Jane Garvey and Julian Worricker are still in charge of Radio 5's Breakfast Programme as every day. Indeed the station really doesn't know how to pitch all this, Robin Lustig's Spotlight 95 and Bosnia At Christmas followed by I'll Eat My Hat, Des Lynam's history of the stars of radio sport, and Phill Jupitus' timeline of football songs Nice One Cyril both ongoing. Now The Good News gives a Martyn Lewis-approved (presumably, it's not him) sheen on the year, Sybil Ruscoe looks back at her own show's highlights and then it's The Christmas Quiz, news vs sport for an hour and a half. Sheena MacDonald returns with another hour from Bosnia at 5.30pm, and then it's all stand by your beds for the worst title perhaps in the history of Christmas day broadcasting, The Holly And The Archivy - "questions of Christmas sport answered by Geoff Hurst, Frank Bruno, Harry Carpenter and Mike Gatting". Another quiz?
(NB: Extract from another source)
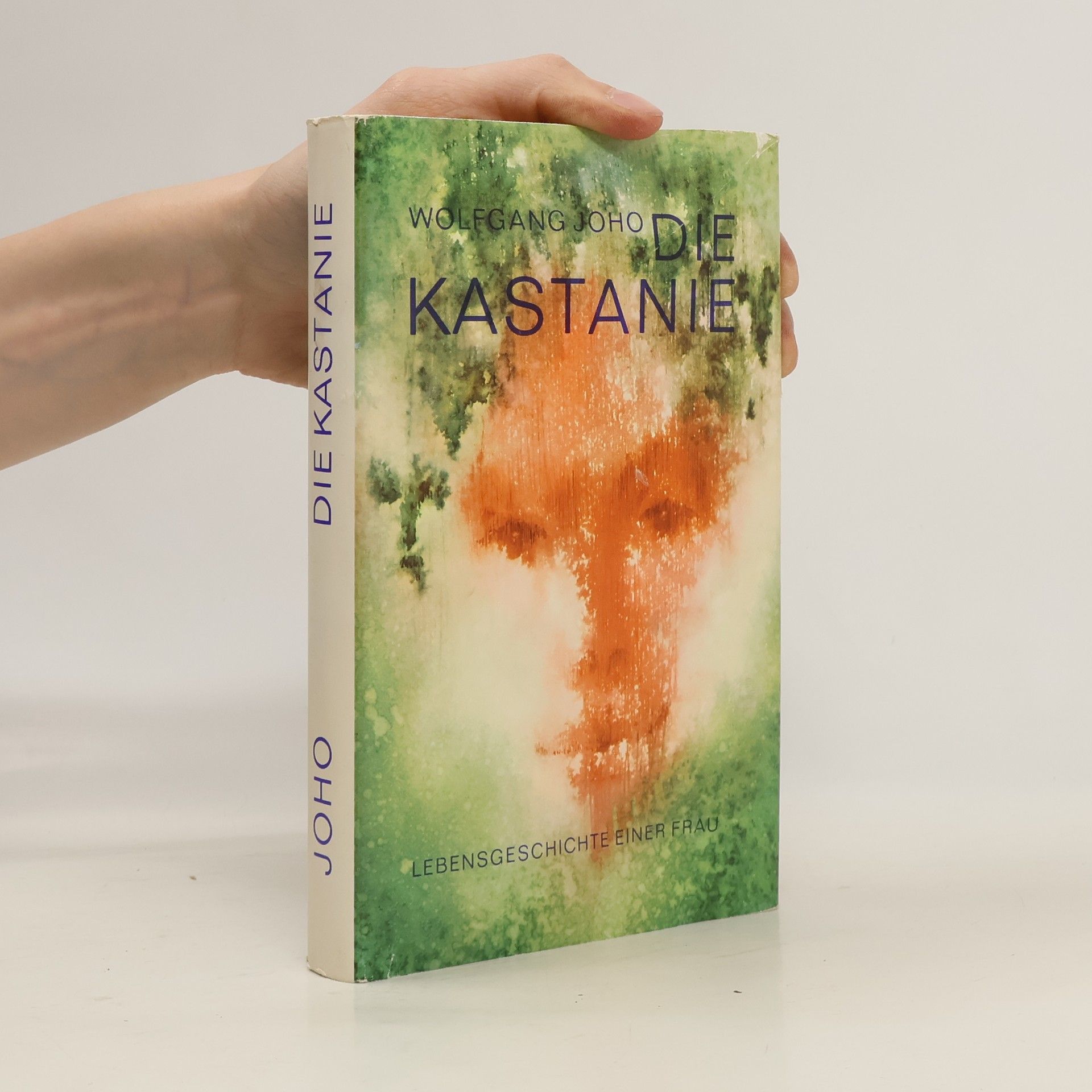 Wolfgang Joho Die Kastanie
What? We're not even going to ask what A Criminal Crisis is and why it's taking up two hours of Christmas evening from 8pm, but it's seen off eventually by Voices Of The Old Firm, Rangers and Celtic's rivalry explained, then Jon Ronson remembering his teens in Ages Of Being and Gareth Gaz Top Jones talking to Jim Lovell in Spaced Out to take things up to midnight. Where we don't yet find Up All Night. Not even Up All Night All Day. Nope, back to Bosnia. Happy Christmas to you too.